Cisco Systems on Wednesday shipped security patches to contain three flaws impacting its Enterprise NFV Infrastructure Software (NFVIS) that could permit an attacker to fully compromise and take control over the hosts.
Tracked as CVE-2022-20777, CVE-2022-20779, and CVE-2022-20780, the vulnerabilities “could allow an attacker to escape from the guest virtual machine (VM) to the host machine, inject commands that execute at the root level, or leak system data from the host to the VM,” the company said.
Credited for discovering and reporting the issues are Cyrille Chatras, Pierre Denouel, and Loïc Restoux of Orange Group. Updates have been released in version 4.7.1.
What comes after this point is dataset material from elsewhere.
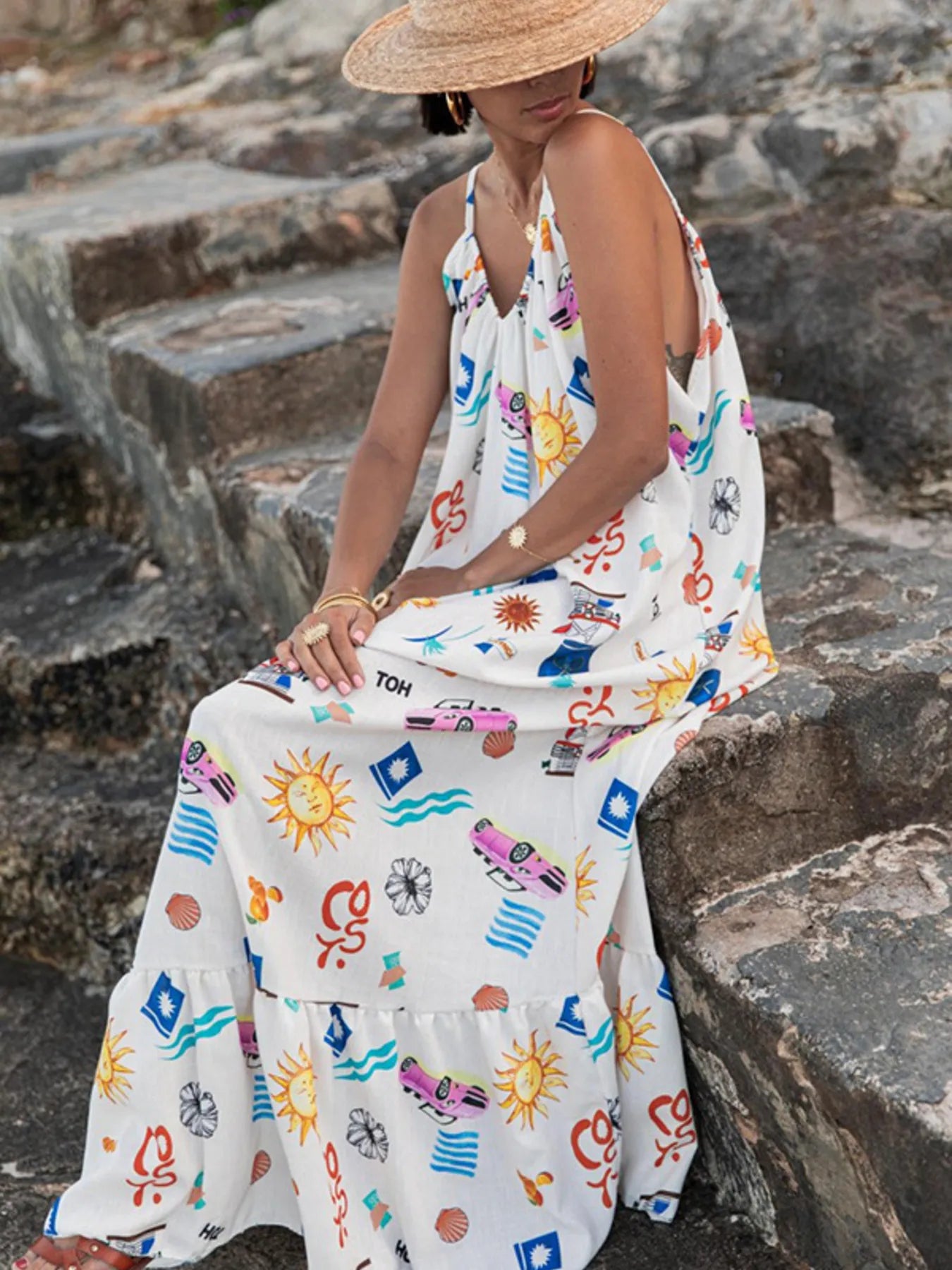 Printed V-neck Summer Maxi Dress - Salty Season LLC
The networking equipment company said the flaws affect Cisco Enterprise NFVIS in the default configuration. Details of the three bugs are as follows –
- CVE-2022-20777 (CVSS score: 9.9) – An issue with insufficient guest restrictions that allows an authenticated, remote attacker to escape from the guest VM to gain unauthorized root-level access on the NFVIS host.
- CVE-2022-20779 (CVSS score: 8.8) – An improper input validation flaw that permits an unauthenticated, remote attacker to inject commands that execute at the root level on the NFVIS host during the image registration process.
- CVE-2022-20780 (CVSS score: 7.4) – A vulnerability in the import function of Cisco Enterprise NFVIS that could allow an unauthenticated, remote attacker to access system information from the host on any configured VM.
Also addressed by Cisco recently is a high-severity flaw in its Adaptive Security Appliance (ASA) and Firepower Threat Defense (FTD) software that could allow an authenticated, but unprivileged, remote attacker to elevate privileges to level 15.
“This includes privilege level 15 access to the device using management tools like the Cisco Adaptive Security Device Manager (ASDM) or the Cisco Security Manager (CSM),” the company noted in an advisory for CVE-2022-20759 (CVSS score: 8.8).
Furthermore, Cisco last week issued a “field notice” urging users of Catalyst 2960X/2960XR appliances to upgrade their software to IOS Release 15.2(7)E4 or later to enable new security features designed to “verify the authenticity and integrity of our solutions” and prevent compromises.